Monte Paschi Launches Share Sale To Avoid State Rescue As Germany Warns Against Taxpayer Bailout
In a last ditch attempt to avoid a state bailout, on Monday Italy’s Monte Paschi will begin a share sale process as it aims to complete a capital raise of €5 billion ($5.2 billion) before Christmas, Bloomberg reported overnight. The bank will canvass institutional investor interest through Thursday, while the offer for retail investors will end on Wednesday. As the lender didn’t provide terms of the offer, the price and total number of shares to be sold will be determined based on investor demand and on the outcome of the separate debt-to-equity swap which started last week.
The bank’s CEO Marco Morelli, who took over in September, is scrambling to find financial backers in his effort to clean up the bank’s balance sheet which continues to corrode under the weight of rising non-performing loans. A failure to recatpialize the bank would be a blow to Italy’s sputtering efforts to revive a banking industry that’s burdened with about €360 billion in troubled loans, dragging down the economy by limiting lending.
In the share sale, Bloomberg notes that 35% will be offered to individual investors and 65% to institutional investors, including potential anchor investors such as Qatar whose interest in a private bank bailout dwindled following the unexpected outcome of the Renzi constitutional referendum. As part of the rights offering, existing shareholders will be offered a chance to buy 30% of the offering reserved for retail investors before the sale is open to others.
The lender last week extended a debt-for-equity swap, one of the three main components of the bank’s capital-raising plan. The bank also plans a cash infusion from anchor investors and a share sale. Some more details:
The offer, involving the exchange of about 4.5 billion euros of Tier 1 and Tier 2 securities, is set to end at 2 p.m. on Wednesday.

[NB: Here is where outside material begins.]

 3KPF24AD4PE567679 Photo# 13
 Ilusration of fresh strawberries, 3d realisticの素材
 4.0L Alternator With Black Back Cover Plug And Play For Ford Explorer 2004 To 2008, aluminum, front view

Monte Paschi, facing a Dec. 31 deadline to complete the fundraising, also will promote an exchange on 1 billion euros of hybrid securities issued in 2008 known as FRESH at 23.2 percent of face value, the lender said in a filing on its website.
In the previous swap offer, bondholders have already agreed to exchange about 1.02 billion euros for shares.

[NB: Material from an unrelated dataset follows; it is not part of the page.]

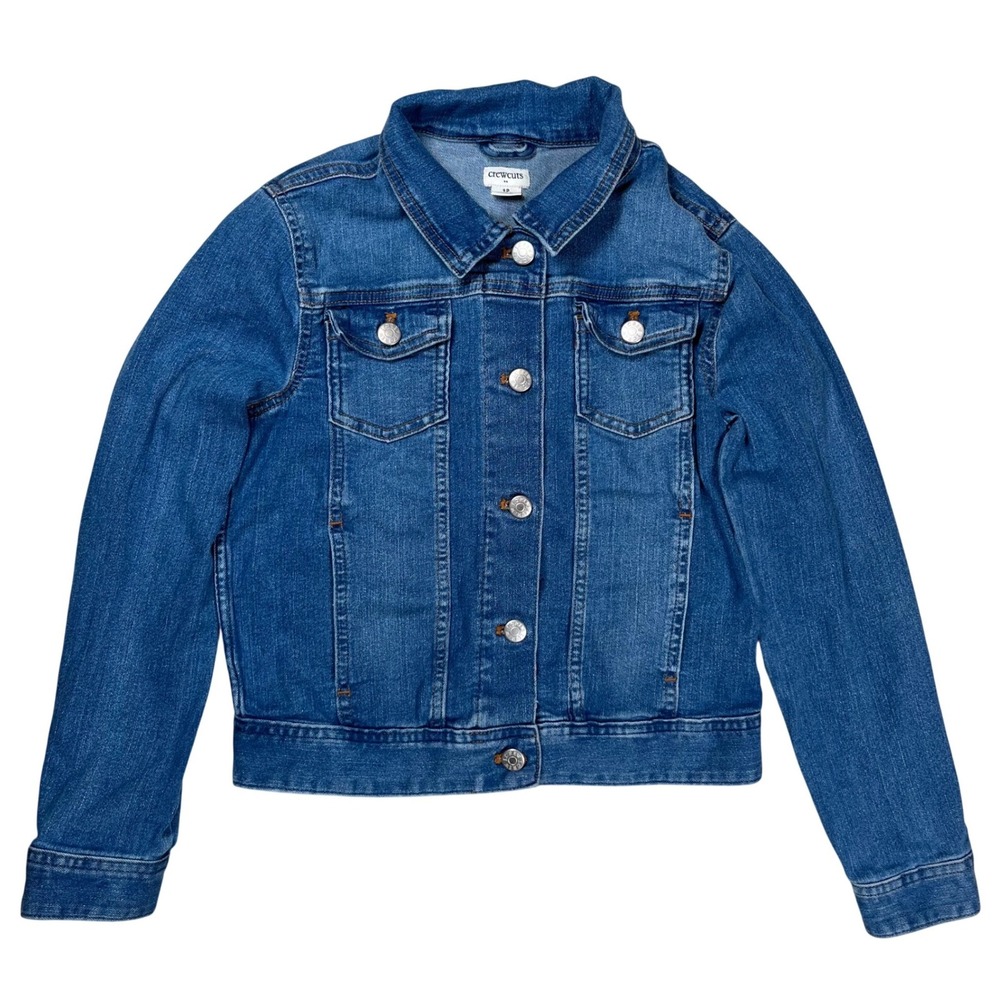 Crewcuts Jean Jacket Kids Size 12 Blue Stretch Medium Wash Denim Preppy Casual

Should the share offering succeed and the recapitalization be completed, some €28 billion of bad loans would be securitized and sold to investors by the bank’s underwriters, removing them from Monte Paschi’s balance sheet. The capital being raised would be used to cover the bank for losses it would book in selling the troubled loans. If the sale fails, the conversions of debt-to-equity would be nullified.
Should the bank fail to raise the needed cash, and the private capital increase isn’t successful, the bank would have to seek aid from the Italian government. Under European banking rules, any losses must be imposed on bondholders if taxpayer money is used. The state is discussing a so-called precautionary recapitalization that would potentially limit bondholder losses.

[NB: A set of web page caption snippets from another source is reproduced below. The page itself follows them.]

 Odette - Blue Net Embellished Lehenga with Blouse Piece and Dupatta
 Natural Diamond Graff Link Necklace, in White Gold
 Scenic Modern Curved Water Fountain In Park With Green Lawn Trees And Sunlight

Earlier today, Italy’s Il Sole 24 reported that Italy has prepared a plan to inject as much as €15 billion in state funds to sustain banks that could be approved this week, even if Monte Paschi succeeds in increasing its capital, in a further attempt to shore up confidence in Italy’s ailing banking sector. The plan would help other troubled banks including Veneto Banca, Popolare di Vicenza and Carige.
Meanwhile, Germany once again voiced its reservations against a state bailout in a “worst case” scenario when Merkel aide Christoph Schmidt warned again against a taxpayer rescue of Monte Paschi.
“The restructuring of the bank should be achieved under the agreed rules, meaning the creditors must contribute to its rescue, not the taxpayers,” Schmidt, head of German Chancellor’s council of independent economic advisers, said in abstract of interview to be published Monday by Westdeutsche Allgemeine Zeitung.
Schmidt said that Italy’s effort to solve its banking crisis is key test for European banking union, and added that Italy must push for necessary reforms, warning that a lack of reforms in Italy could pose threat to euro area.
Which means that in the otherwise quiet pre=Christmas week, all eyes will be on Monte Paschi, and specifically the intentions of the alleged anchor investor, Qatar (and perhaps a handful of Chinese banks), to determine if Italy’s banking crisis is “fixed” if only for the near future, or if the new year is set to begin with another “risk flaring” episode out of the Italian banking sector as Monte Paschi’s bailout once again morphs into a political scandal and the biggest headache for Italy’s brand new government.